Word for word, reproduce the listing that follows, excluding any pictures it contains.

━━━━━ Materials provided

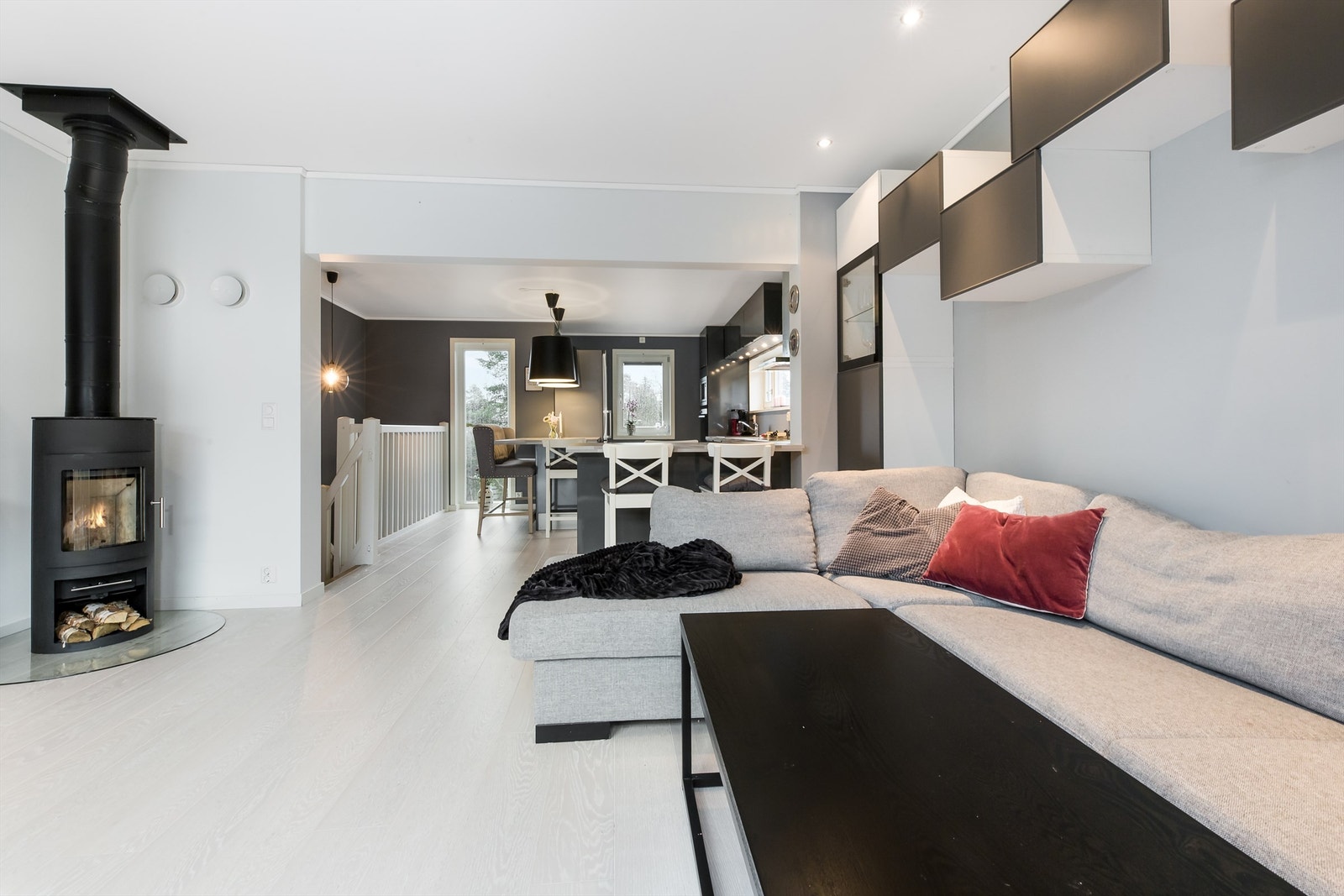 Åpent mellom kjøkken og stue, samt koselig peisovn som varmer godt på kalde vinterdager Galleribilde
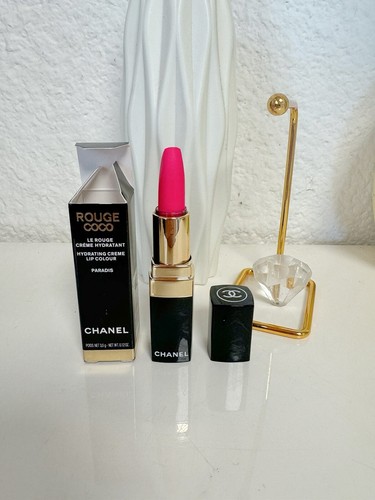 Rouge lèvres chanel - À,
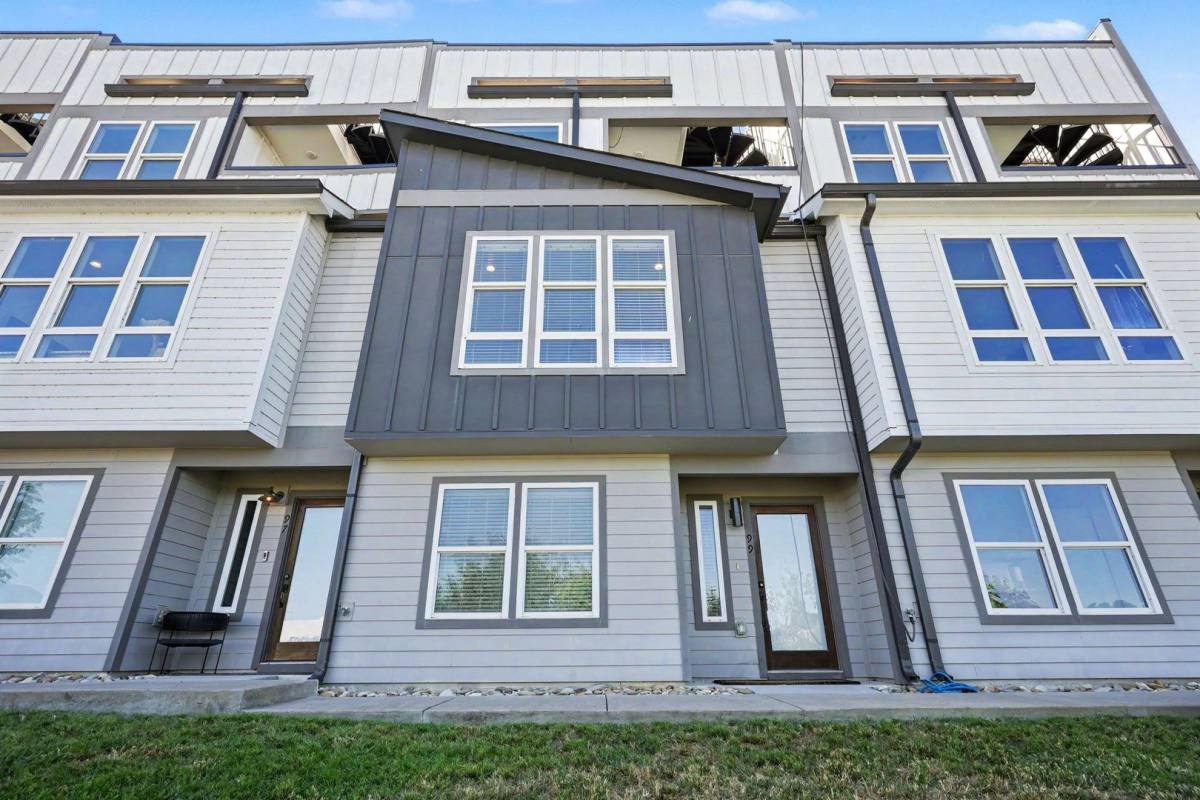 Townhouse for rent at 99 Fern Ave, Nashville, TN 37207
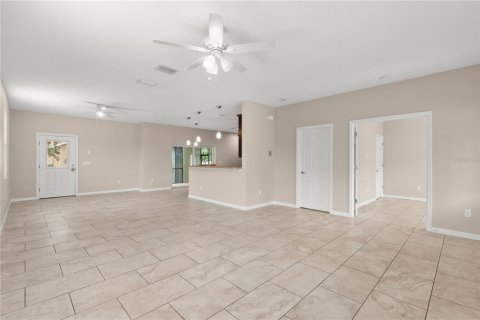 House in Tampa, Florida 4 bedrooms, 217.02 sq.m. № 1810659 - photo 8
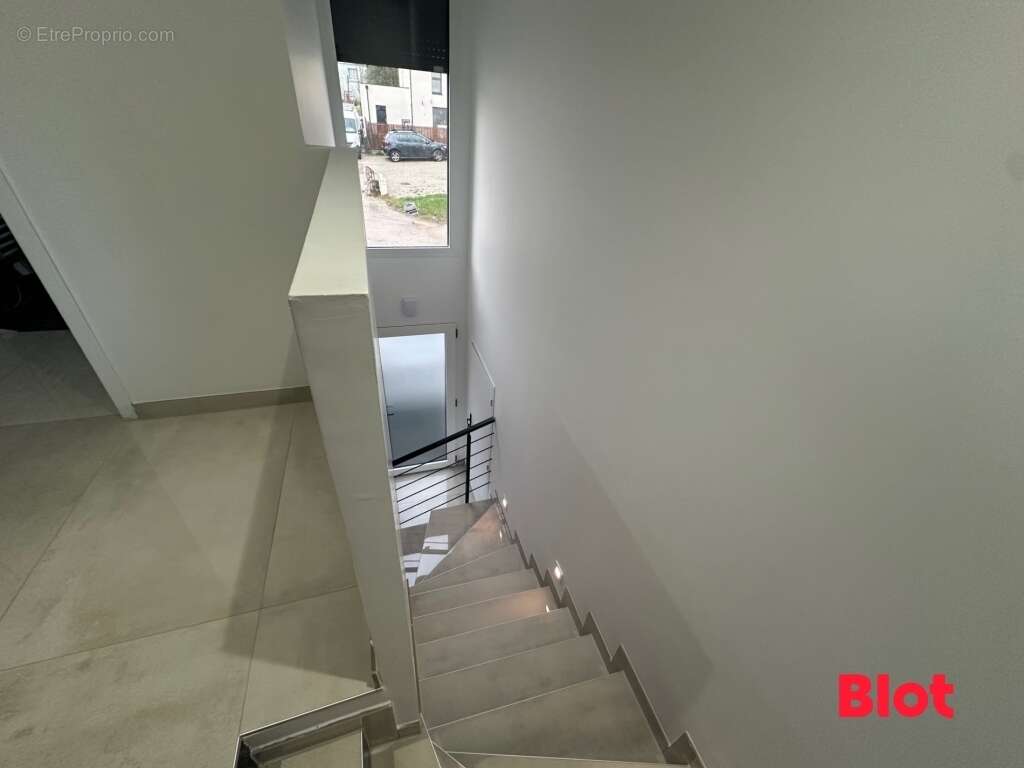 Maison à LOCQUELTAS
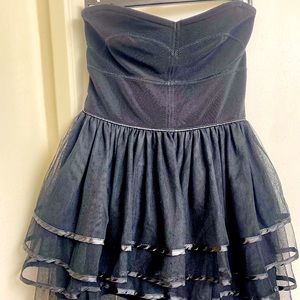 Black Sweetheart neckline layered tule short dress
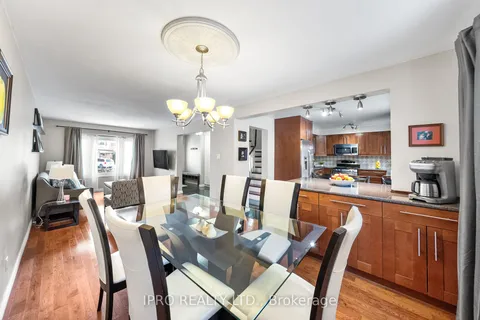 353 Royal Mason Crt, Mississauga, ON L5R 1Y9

━━━━━━━━━━

### [Exercise output]
 Åpent mellom kjøkken og stue, samt koselig peisovn som varmer godt på kalde vinterdager Galleribilde
 Rouge lèvres chanel - À,
 Townhouse for rent at 99 Fern Ave, Nashville, TN 37207
 House in Tampa, Florida 4 bedrooms, 217.02 sq.m. № 1810659 - photo 8
 Maison à LOCQUELTAS
 Black Sweetheart neckline layered tule short dress
 353 Royal Mason Crt, Mississauga, ON L5R 1Y9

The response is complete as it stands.